Domain-Specialized NanoGPT
A hands-on project training NanoGPT (character-level GPT) models on three tiny corpora (Shakespeare, Wikipedia, and a Math textbook) to study how domain-specific data reshapes generation. I built an evaluation and interpretability workflow covering zero-shot vs few-shot transfer, softmax confidence dynamics, and gradient-based token attribution (Grad-CAM style).
- GitHub: TODO (paste repo link)
- Demo: TODO (optional)
Notes
What I built
- Domain training (3 models): Implemented a reusable dataset/vocabulary pipeline and trained NanoGPT checkpoints (
iter_*.pt,final.pt) for Shakespeare/Wikipedia/Math. - Zero-shot cross-domain evaluation: Evaluated each trained model on all other corpora (loss + controlled prompt generations) to quantify distribution shift effects.

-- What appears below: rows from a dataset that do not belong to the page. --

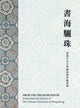 Book cover of: From the Treasure House. By: Library of the Chinese University of Hong Kong Staff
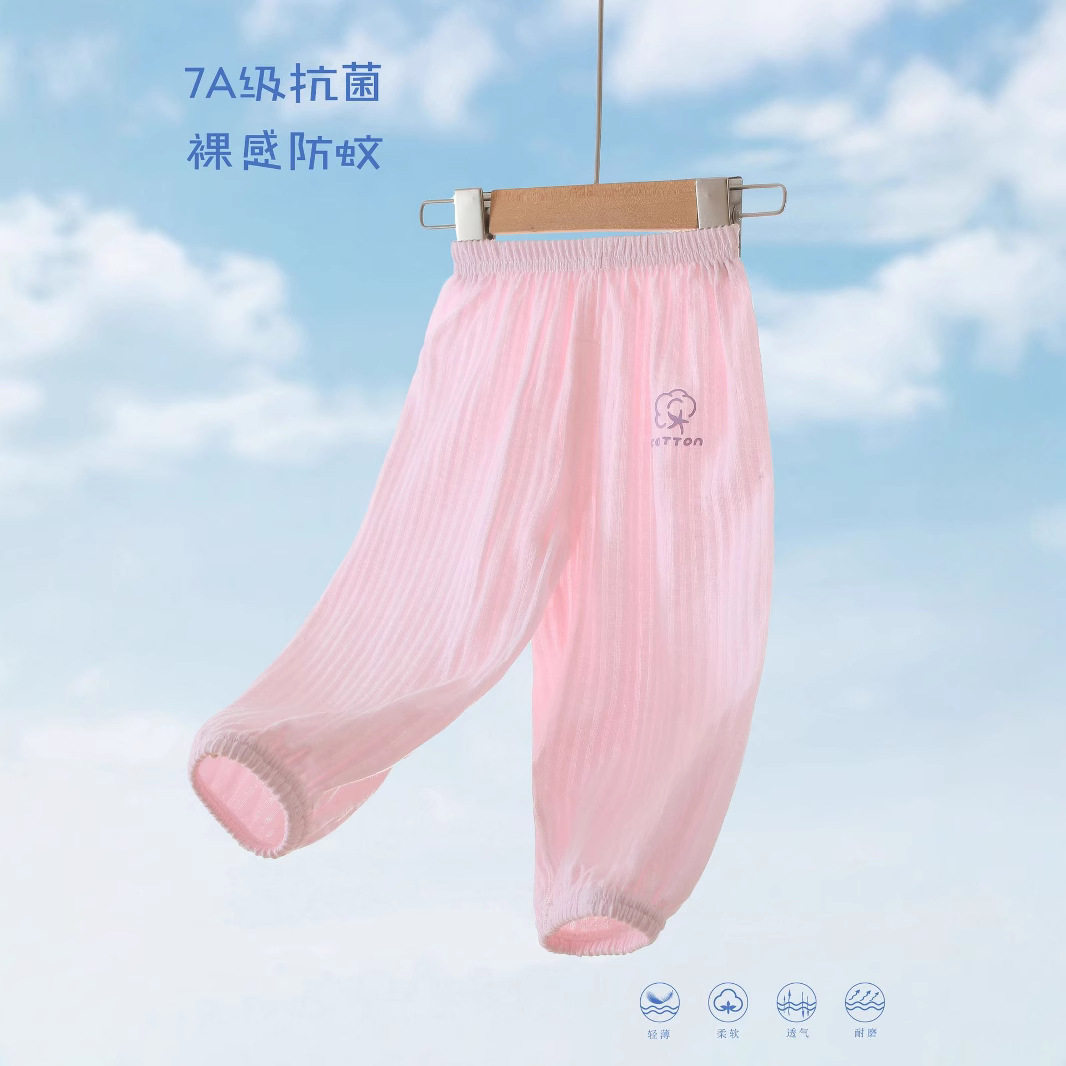 儿童夏季全棉缩口裤抗菌a类防蚊裤男女宝宝宽松空调裤透气家居裤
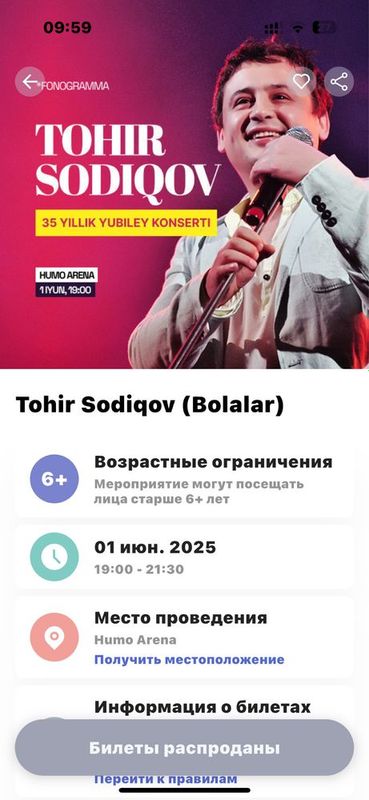 Tohir Sodiqov fan zona bilet 5ta Tohir Sodiqov fan zona bilet 5ta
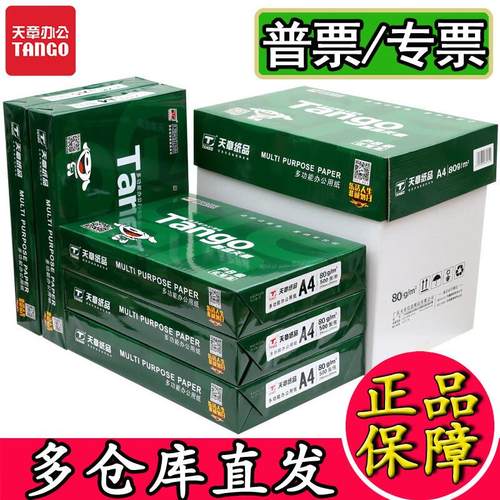 新绿天章a4纸70克A5办公纸A3纸新橙天章80g天章风双面打印复印纸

- Few-shot transfer: Fine-tuned from early/mid/late checkpoints on a target corpus and tracked loss to compare adaptation speed vs pretraining maturity.
- Softmax inspection: Tracked top token probabilities and entropy over checkpoints to analyze confidence sharpening and overconfidence trends.
- Grad-CAM-style interpretability: Used embedding-gradient norms to estimate per-input-token importance for next-token predictions; exported results to CSV and generated plots across prompts/checkpoints.
Key takeaways
- Domain data strongly changes next-token “classification” behavior (both loss and generations).
- Few-shot adaptation is sensitive to how far training has progressed before transfer.
- Softmax entropy provides a practical signal for confidence/saturation over training.
- Gradient-based attribution can reveal how token importance shifts across domains and checkpoints.